Si vous la rencontrez, elle vous salue toujours la première, d’un doux bonjour qui appelle une réponse au-delà de la banale civilité, mais vos chemins ne font que se croiser, car elle continue sa route et vous la vôtre.

Il est important qu’elle arrive au bon moment, pour la bonne lumière à son endroit de prédilection. Immanquablement, elle vient observer les vignes. Là, elle fait une halte pour contempler les lignes courbes pourtant parfaitement alignées des pieds de vigne qui remontent vers le vallon. Ces ondulations entre mouvement et immobilisme lui procurent des sensations particulières. Le sang de la vigne et la terre nourricière, c’est la vie qui coule ici. Elle qui ne refuse jamais un petit verre de rouge de préférence. Elle aime le gout du nectar qui inonde son palais, se répand dans tout son corps pour ensuite alimenter ses veines et son propre sang. Seulement un par jour, le midi, il faut savoir être raisonnable. C’est le secret d’une posologie efficace.
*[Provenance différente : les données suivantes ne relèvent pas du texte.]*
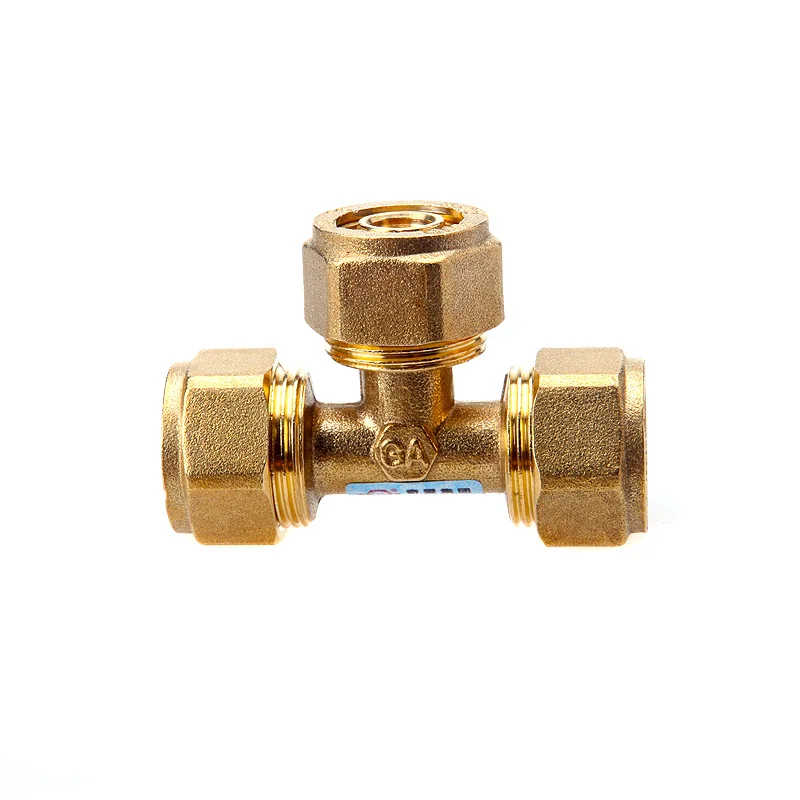 Oem 1/2" Brass Equal Tee Aluminium Multilayer Pipe Fittings Pex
Elle se tient debout face aux plants, dans un silence à peine troublé par le chant des oiseaux. Elle respire à pleins poumons pour aspirer la force de l’air qui puisse lui prêter vie encore pour de nombreux printemps. Cette beauté lui suffit amplement.
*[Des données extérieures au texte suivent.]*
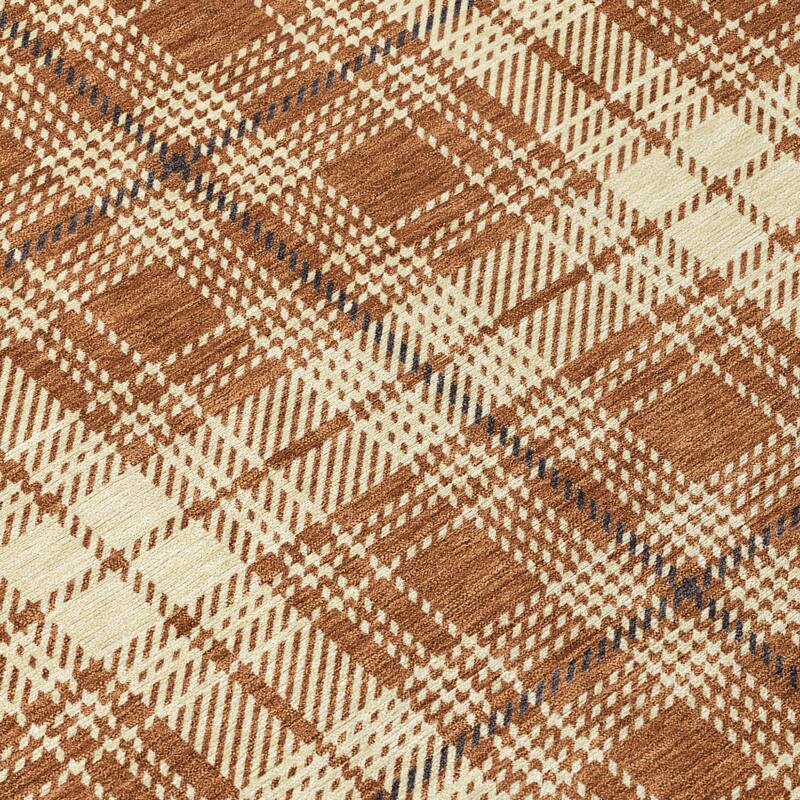 HomeRoots Plaid Transitional Rectangle Outdoor Rug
Après quelques minutes de quiétude, revigorée, elle reprend son chemin pour rentrer chez elle où l’attendent un roman et une tasse de thé. Jamais elle n’aurait sacrifié à ce rituel. Elle sourit en coin à cette évocation. C’est drôle ce que les gens peuvent avoir peur de leurs habitudes. Peur d’en être esclave. Alors qu’il suffit de conserver ce qui vous fait du bien et la multitude de petites satisfactions qui essaime les journées. La modération est une vertu qui se perd.

À la vitesse de la lumière, nous avions traversé le printemps, l’été et l’automne. Par un après-midi froid, qui l’avait un peu surprise, elle ne sacrifia pas à sa coutume, parfaitement vêtue, elle entreprit sa sortie journalière. Elle ne dérogea évidemment pas à son arrêt face à l’arpent de vigne dont le sommet des sarments était recouvert d’une fine pellicule de givre que le soleil n’avait pas pu effacer. Cette vision un peu mirifique l’a ravi. On avait l’impression, vue d’en bas où elle se trouvait, d’une piste de ski. Elle se rappela la grande et mythique piste de Garmisch-Partenkirchen qu’elle avait dévalé avec son mari. Une drôle association d’idées que celles-ci. C’était une autre histoire. La nature vous renvoie toujours à de beaux moments quand on sait les recevoir. Elle était ainsi la p’tite vieille.

Elle resta là, un moment immobile, traversée par la beauté de la vision présente et celle passée de ses vacances allemandes. Saisie par le froid mordant, elle décida qu’il était temps de rentrer retrouver son roman enrichi d’une tasse de thé. Elle s’en délecta par avance. C’est beau et doux la vie, même à plus de 85 printemps.

De retour chez elle, le thé préparé, elle l’embellit d’un petit gâteau pour éteindre sa gourmandise. Elle s’assit confortablement et entama son roman policier, en sirotant sa boisson aromatique. Il n’y avait aucun bruit, rien qui ne puisse la perturber, tout était tranquille et en paix. Une belle journée anodine bien utilisée pensa-t-elle, un sourire de félicité aux lèvres avant de s’assoupir gracieusement. Le roman tomba à ses pieds, sans tapage ne voulant pas troubler son sommeil.

Dans cette maison, le temps touchait à sa fin. La p’tite vielle ne se réveilla pas. Elle avait 85 printemps et une journée d’hiver.

Les gens heureux ont une histoire, qu’ils gardent pour eux.